BEGIN

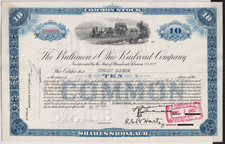 Baltimore & Ohio Railroad Company Stock Certificate B&O CSX Blue
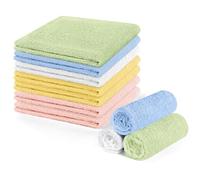 ALIIP Bamboo Face Cloth, 10 Pack Microfibre Face Cloth,25 x 25 cm Ultra Soft & Gentle Reusable Flannels for Makeup Removal and Baby Care, Suitable for Sensitive Skin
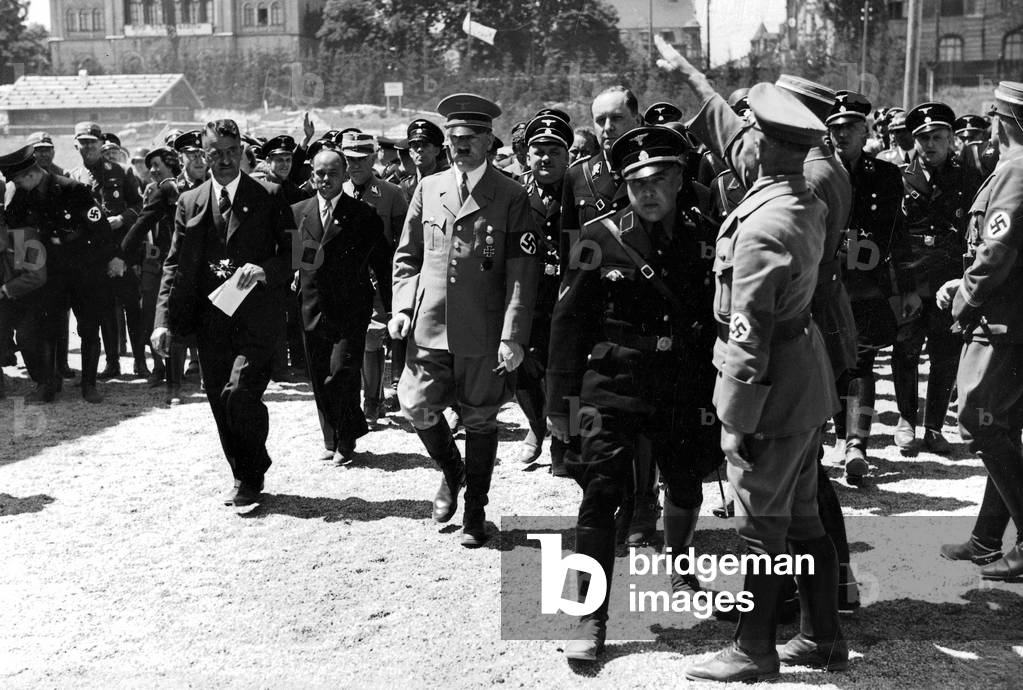 Adolf Hitler and Walther Darre at the Agricultural Exhibition in Munich, 1937 (b/w photo)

END

> **WHAT IS NEEDED**
Recreate the listing above word for word, dropping each picture it contains.

> **ANSWER SECTION**
 Baltimore & Ohio Railroad Company Stock Certificate B&O CSX Blue
 ALIIP Bamboo Face Cloth, 10 Pack Microfibre Face Cloth,25 x 25 cm Ultra Soft & Gentle Reusable Flannels for Makeup Removal and Baby Care, Suitable for Sensitive Skin
 Adolf Hitler and Walther Darre at the Agricultural Exhibition in Munich, 1937 (b/w photo)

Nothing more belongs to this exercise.